Copy every entry word for word. Skip the pictures.

|---|

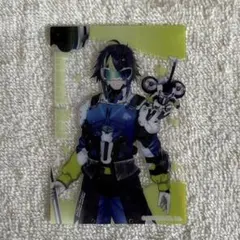 にじさんじスナック カード 伊波ライ いなみらい - メルカリ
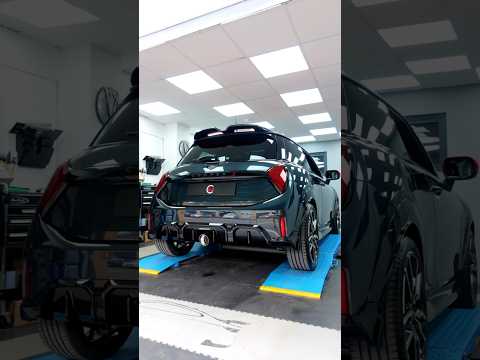 The NEW REMUS Exhaust For The Mini Cooper S F66 Sounds INCREDIBLE! #Mini #MiniCooper #Remus #Exhaust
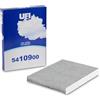 UFI Filters, Filtro Abitacolo ai Carboni Attivi 54.109.00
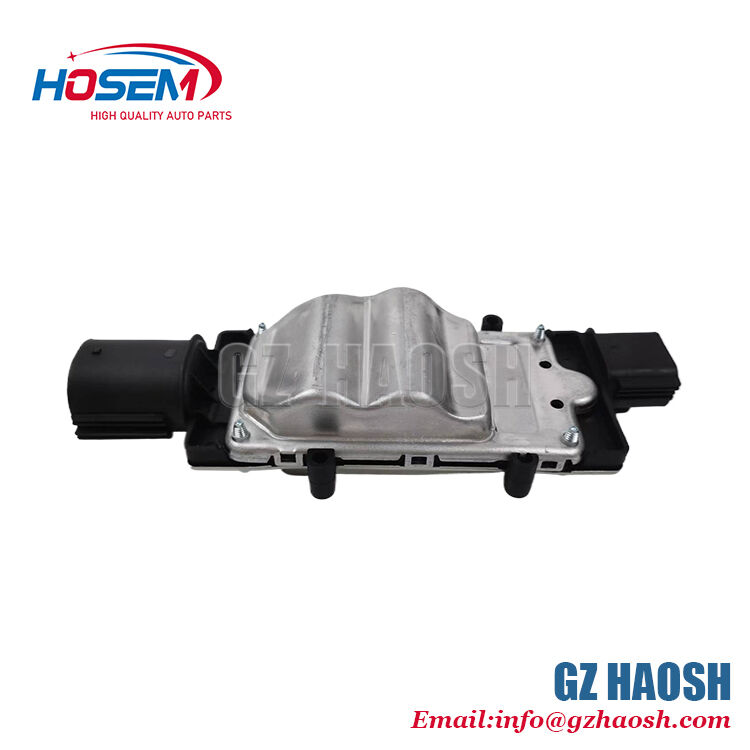 Auto Cooling Parts 1137328464 Engine Cooling Fan Control Module 1137328567 suitable for Ford Focus 2012-2018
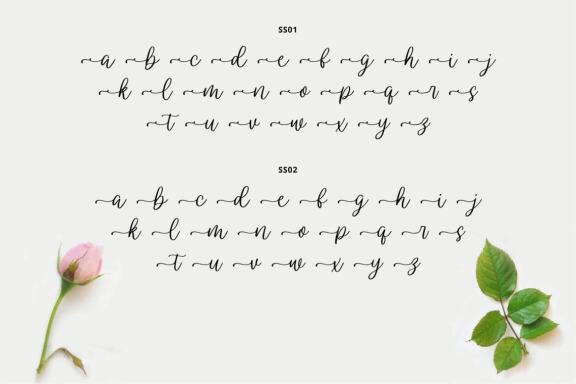 Wendling – Beautiful Script
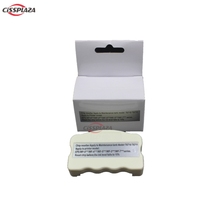 CISSPLAZA 2шт T6710 T6711 ремонтный ящик чип для EPSON WF 7720 7715 7710 7210 7110 7610 7620 3620 L1455 принтер 2024 - купить недорого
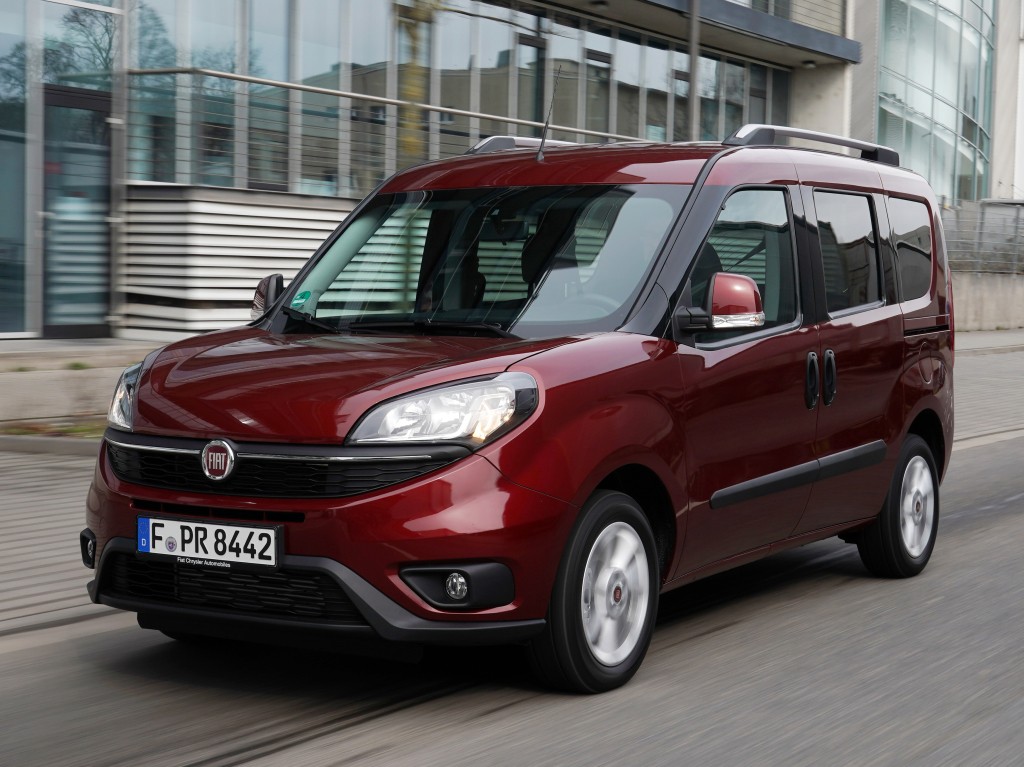 Fiat Doblo photo 22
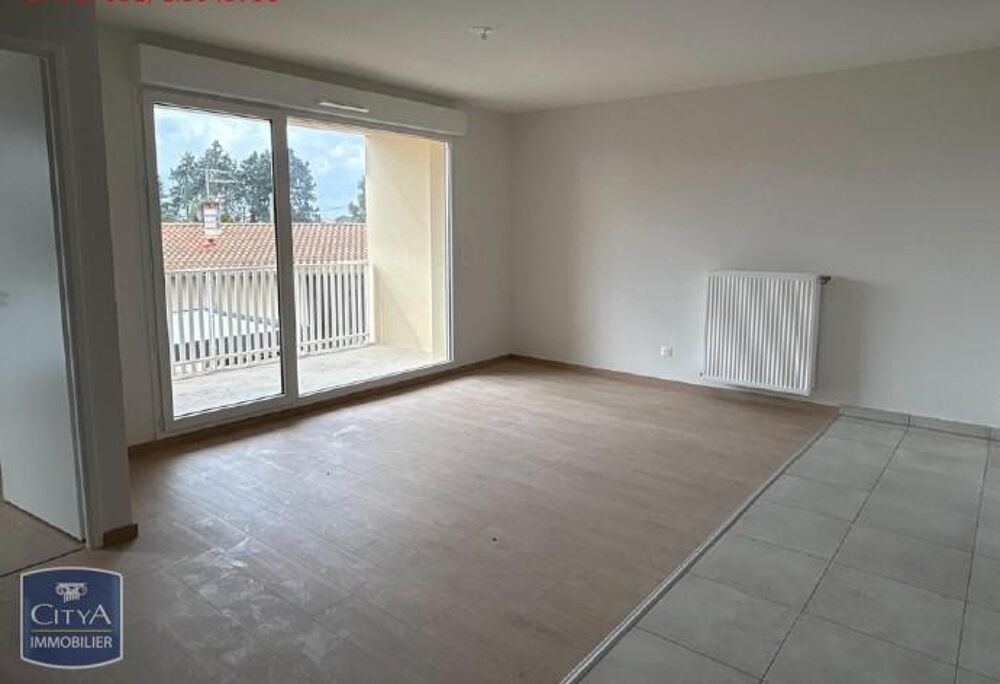 location Appartement - 3 pièce(s) - 65 m² Pins-Justaret (31860)
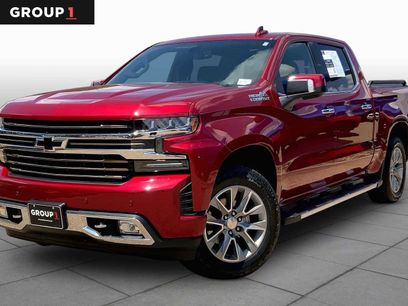 Used 2020 Chevrolet Silverado 1500 High Country w/ Z71 Off-Road Package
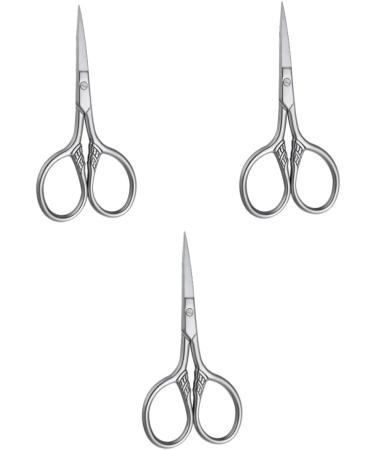 Beavorty 3ST Razor Kit - Men's Facial Shaver Manicure Set & Bald Head Trimmer | Grooming Gadgets for Men - Buy Online on GoSupps.com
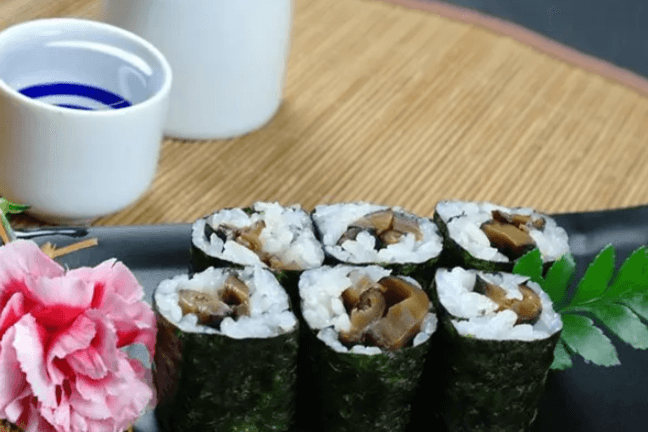 Shiitake Roll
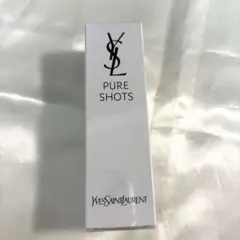 『イブサンローラン』ピュアショットナイトリチャージセラム ケース 新品未開封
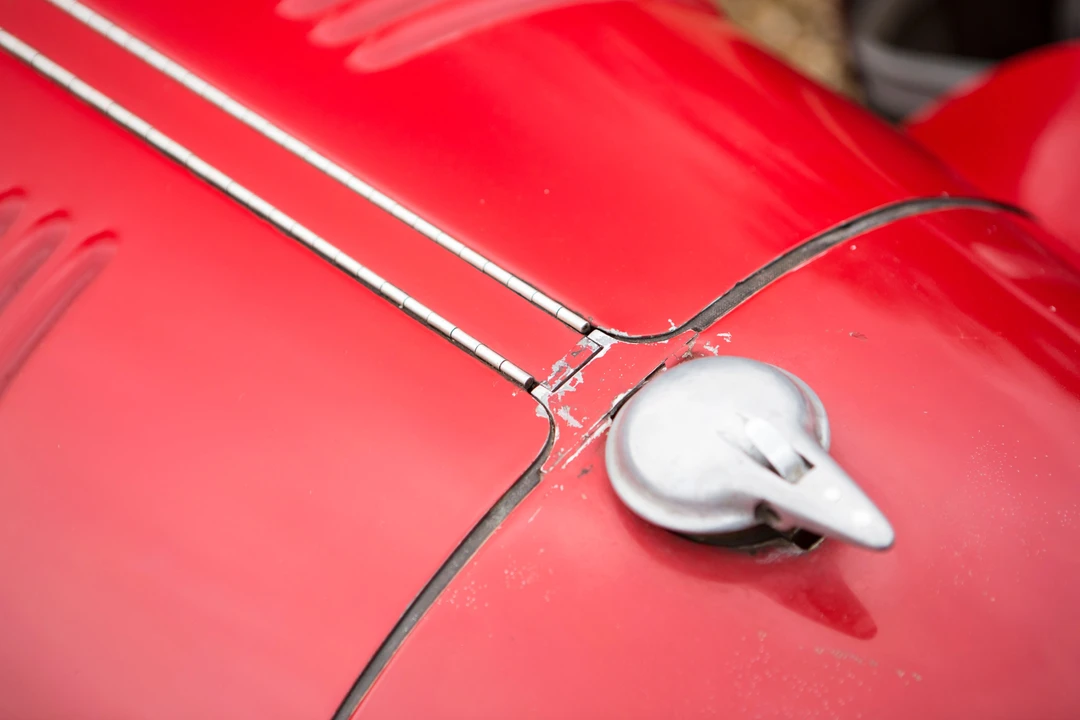 1936 Alfa Romeo 6C 2300 - Image 25 of 31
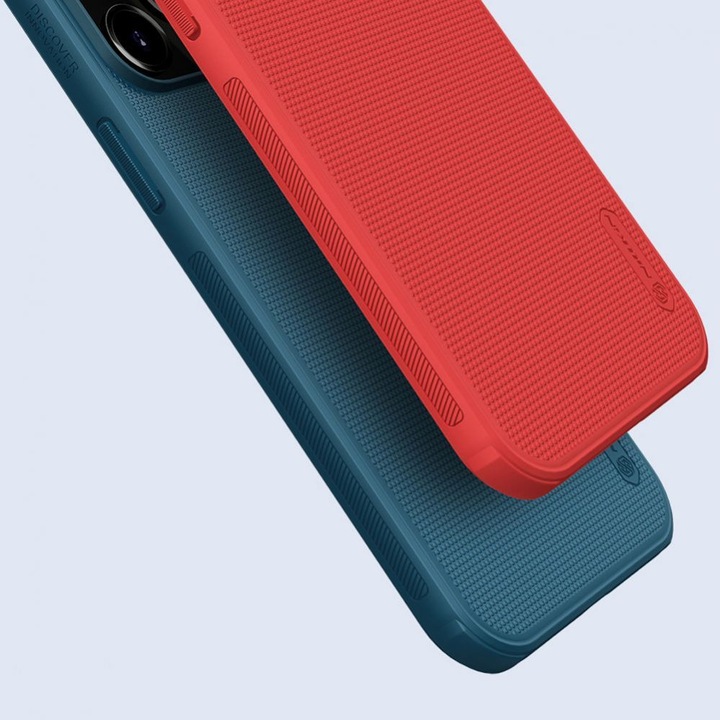 Actual product image Nillkin Super Frosted Shield Series (Apple iPhone 13 Pro Max)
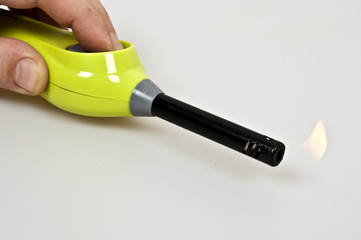 Cooker lighter © fuzzbones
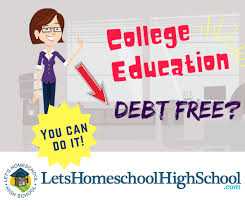 Video Get A Debt Free College Education Education College Free College College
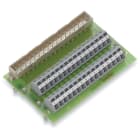WAGO ELETTRONICA - Modulo interfaccia.Connettore a innesto secondo DIN 41612.32 poli
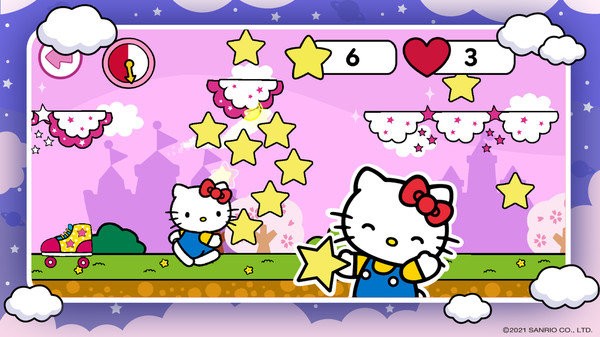 凯蒂猫晚安手游(Hello Kitty) v1.1.1 安卓版1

|---|

▶ Output for this exercise:
 にじさんじスナック カード 伊波ライ いなみらい - メルカリ
 The NEW REMUS Exhaust For The Mini Cooper S F66 Sounds INCREDIBLE! #Mini #MiniCooper #Remus #Exhaust
 UFI Filters, Filtro Abitacolo ai Carboni Attivi 54.109.00
 Auto Cooling Parts 1137328464 Engine Cooling Fan Control Module 1137328567 suitable for Ford Focus 2012-2018
 Wendling – Beautiful Script
 CISSPLAZA 2шт T6710 T6711 ремонтный ящик чип для EPSON WF 7720 7715 7710 7210 7110 7610 7620 3620 L1455 принтер 2024 - купить недорого
 Fiat Doblo photo 22
 location Appartement - 3 pièce(s) - 65 m² Pins-Justaret (31860)
 Used 2020 Chevrolet Silverado 1500 High Country w/ Z71 Off-Road Package
 Beavorty 3ST Razor Kit - Men's Facial Shaver Manicure Set & Bald Head Trimmer | Grooming Gadgets for Men - Buy Online on GoSupps.com
 Shiitake Roll
 『イブサンローラン』ピュアショットナイトリチャージセラム ケース 新品未開封
 1936 Alfa Romeo 6C 2300 - Image 25 of 31
 Actual product image Nillkin Super Frosted Shield Series (Apple iPhone 13 Pro Max)
 Cooker lighter © fuzzbones
 Video Get A Debt Free College Education Education College Free College College
WAGO ELETTRONICA - Modulo interfaccia.Connettore a innesto secondo DIN 41612.32 poli
 凯蒂猫晚安手游(Hello Kitty) v1.1.1 安卓版1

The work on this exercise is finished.